- Caption-style text data:
—————

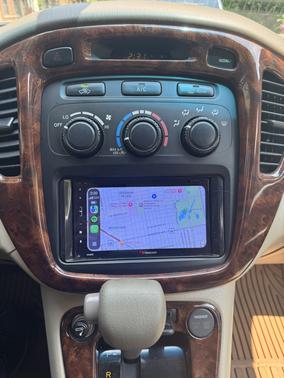 White 2005 Toyota Highlander Base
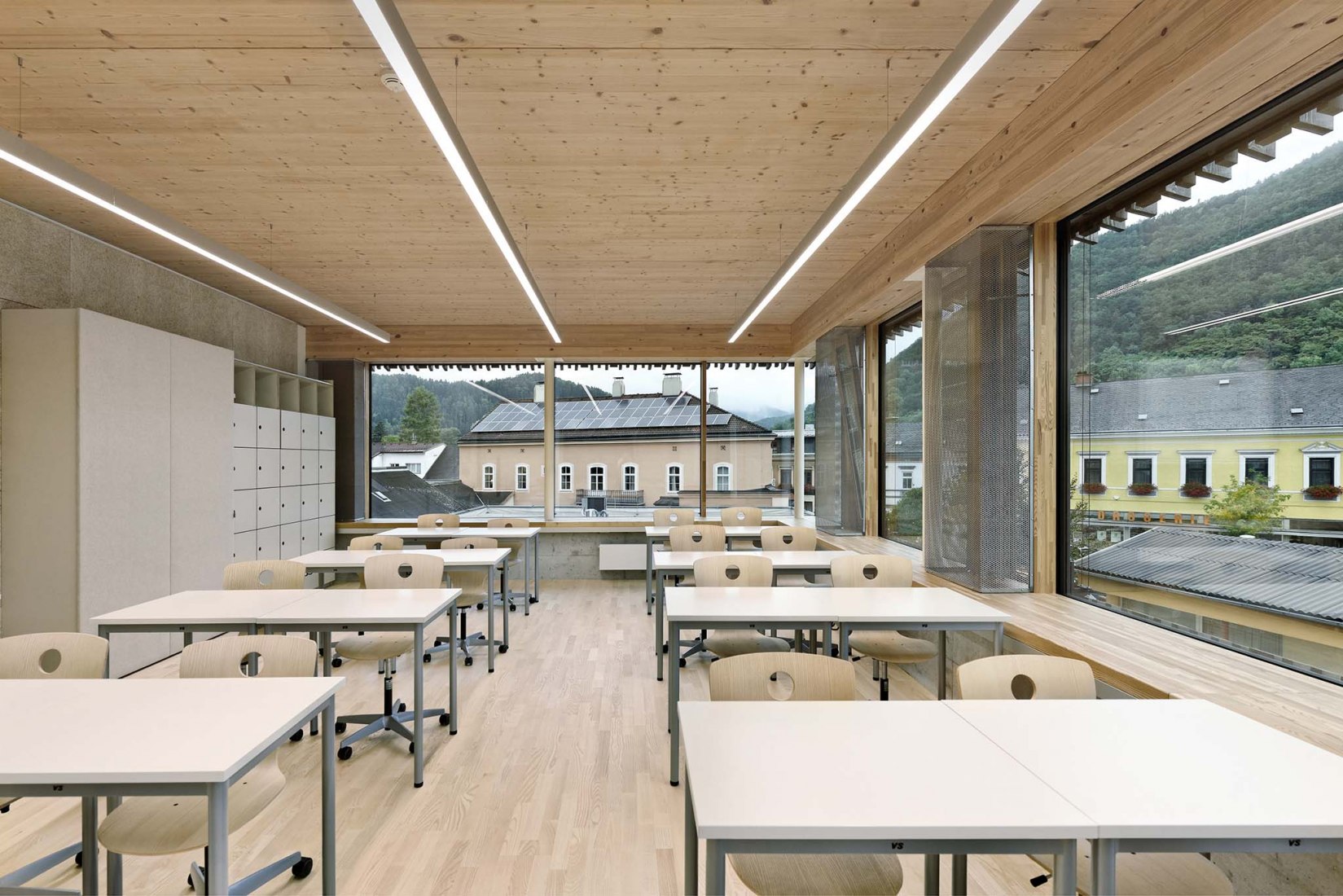 Complejo escolar Gloggnitz por DFA Dietmar Feichtinger Architectes. Fotografía por David Boureau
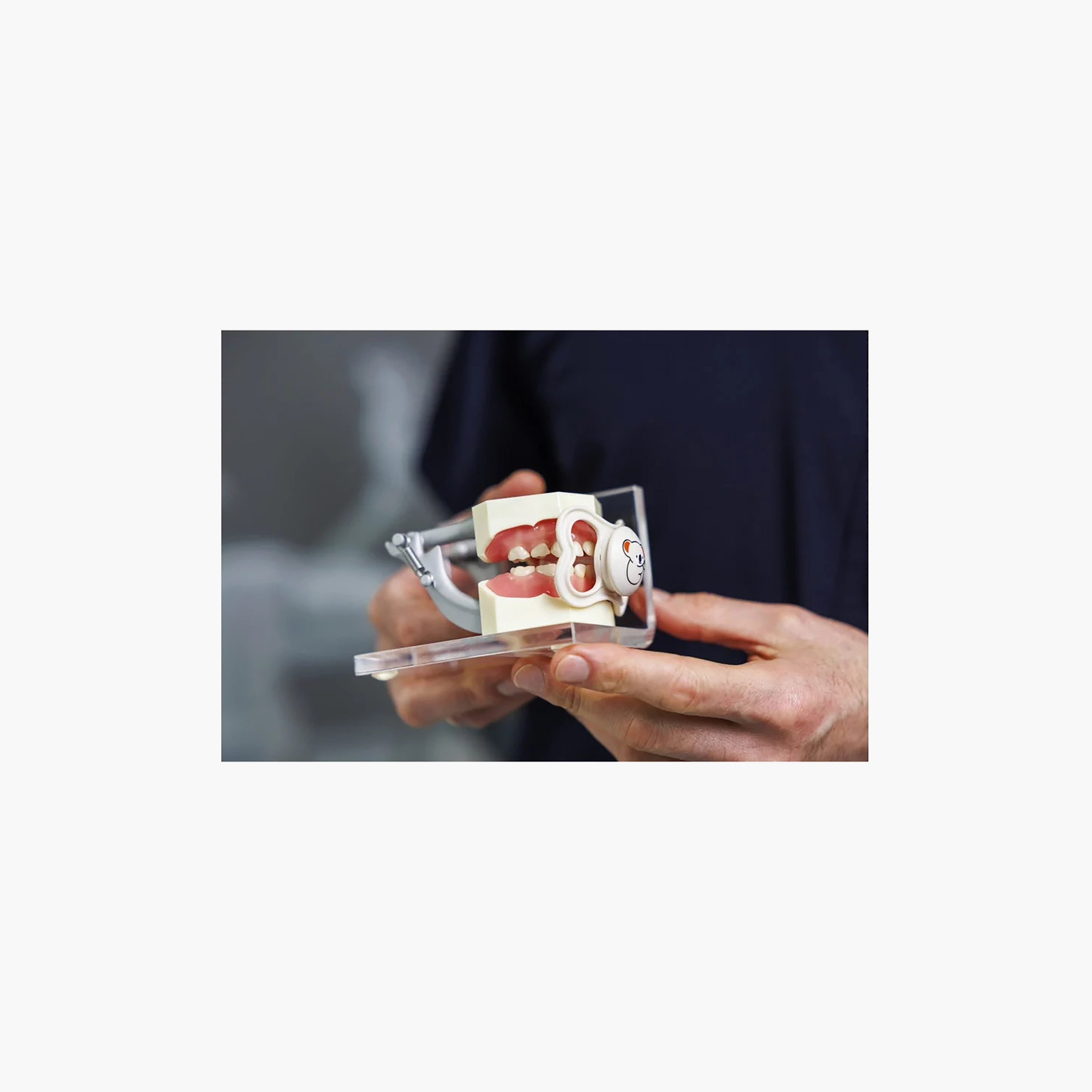 طقم لهايات أطفال قطعتين بحلمة مرنة من مام - 6 أشهر-baby-feeding-pacifiers-image-16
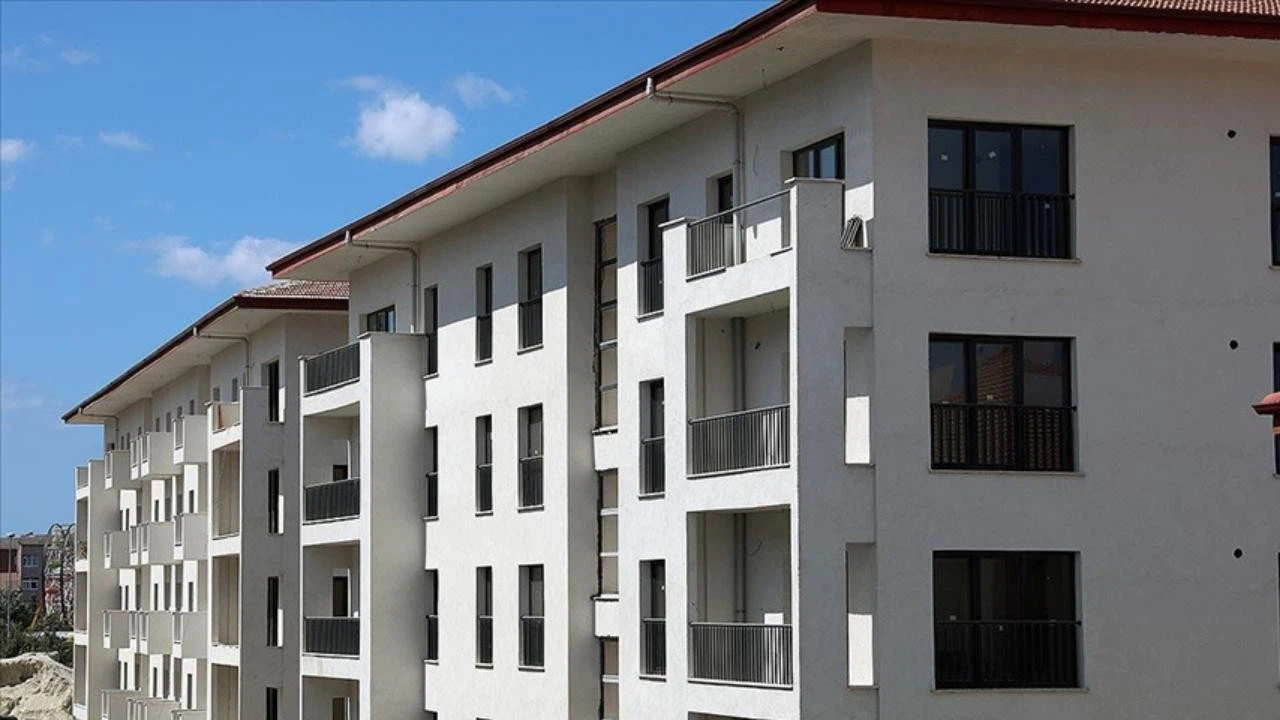 Esenler'de 60 bin bina dönüştürüldü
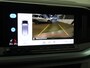 Volkswagen Multivan 1.4 eHybrid 218pk DSG L2H1 Life | 7 persoons | Wegklapbare trekhaak | parkeerhulp voor en achter | Privacy glas (65%) vanaf B-stijl | Adaptive Cruise control (ACC) | Panorama dak |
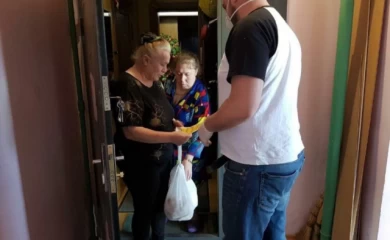 На Обухівщині активізувалися партійці Медведчука-Рабіновича: роздають пайки, маски і русский язык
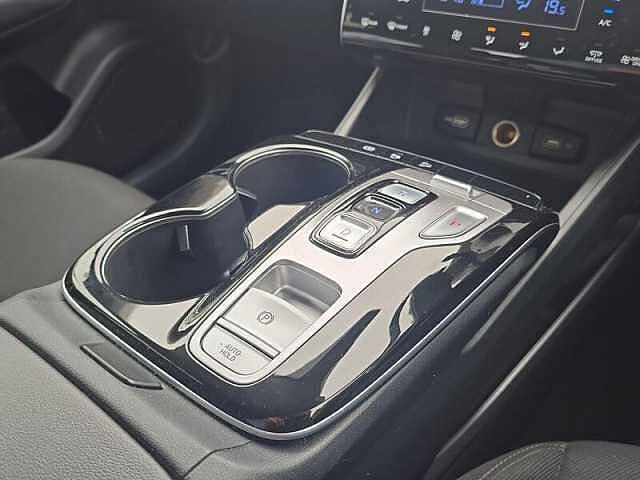 Hyundai TUCSON SE Connect 1.6 T-GDi Hybrid (230 ps) Red
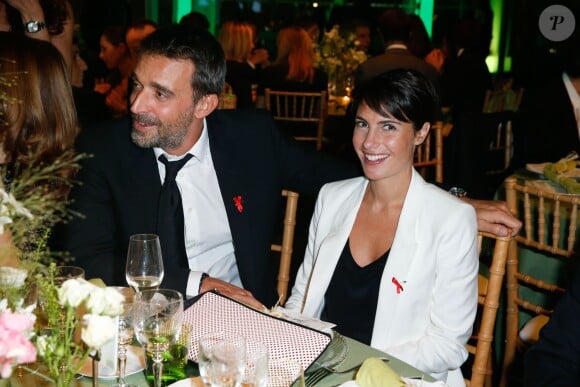 Alessandra Sublet (smoking Gerard Darel) et son mari Clement - Diner de la mode pour le Sidaction au Pavillon d'Armenonville a Paris, le 23 janvier 2014.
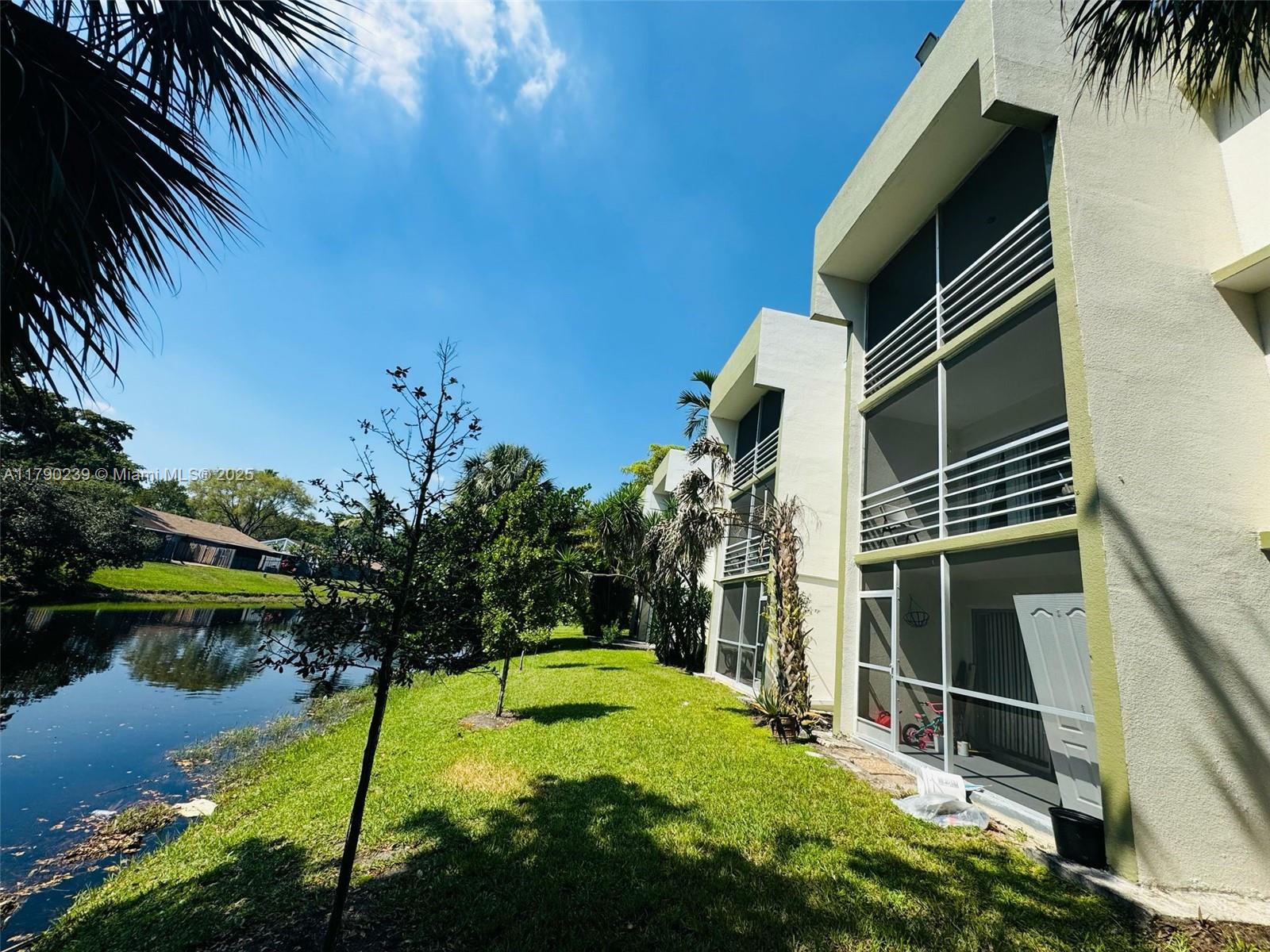 4215 N University Dr # 315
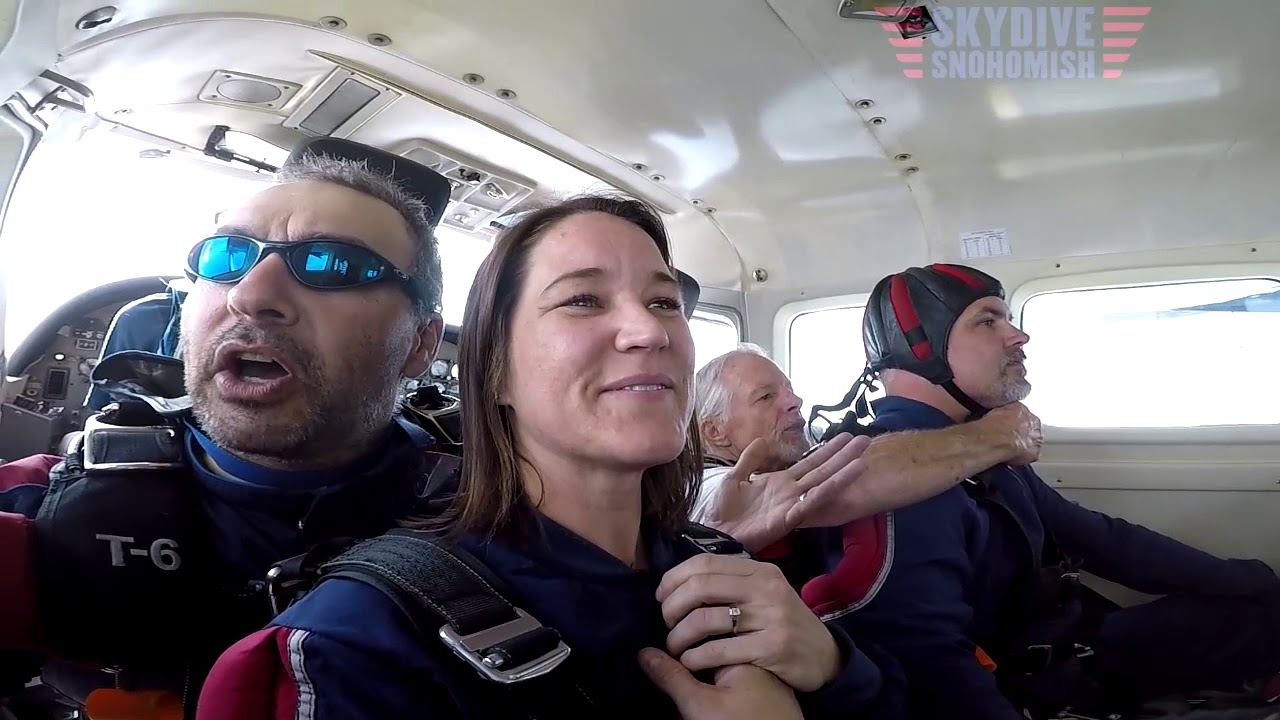 Maria Schaefer's Tandem skydive!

—————

- REQUIRED ACTION: Give back only the lines from the one that carries "Esenler'de 60 bin bina dönüştürüldü" through the final line above, both included. Drop all pictures.

- TASK SOLUTION:
 Esenler'de 60 bin bina dönüştürüldü
 Volkswagen Multivan 1.4 eHybrid 218pk DSG L2H1 Life | 7 persoons | Wegklapbare trekhaak | parkeerhulp voor en achter | Privacy glas (65%) vanaf B-stijl | Adaptive Cruise control (ACC) | Panorama dak |
 На Обухівщині активізувалися партійці Медведчука-Рабіновича: роздають пайки, маски і русский язык
 Hyundai TUCSON SE Connect 1.6 T-GDi Hybrid (230 ps) Red
 Alessandra Sublet (smoking Gerard Darel) et son mari Clement - Diner de la mode pour le Sidaction au Pavillon d'Armenonville a Paris, le 23 janvier 2014.
 4215 N University Dr # 315
 Maria Schaefer's Tandem skydive!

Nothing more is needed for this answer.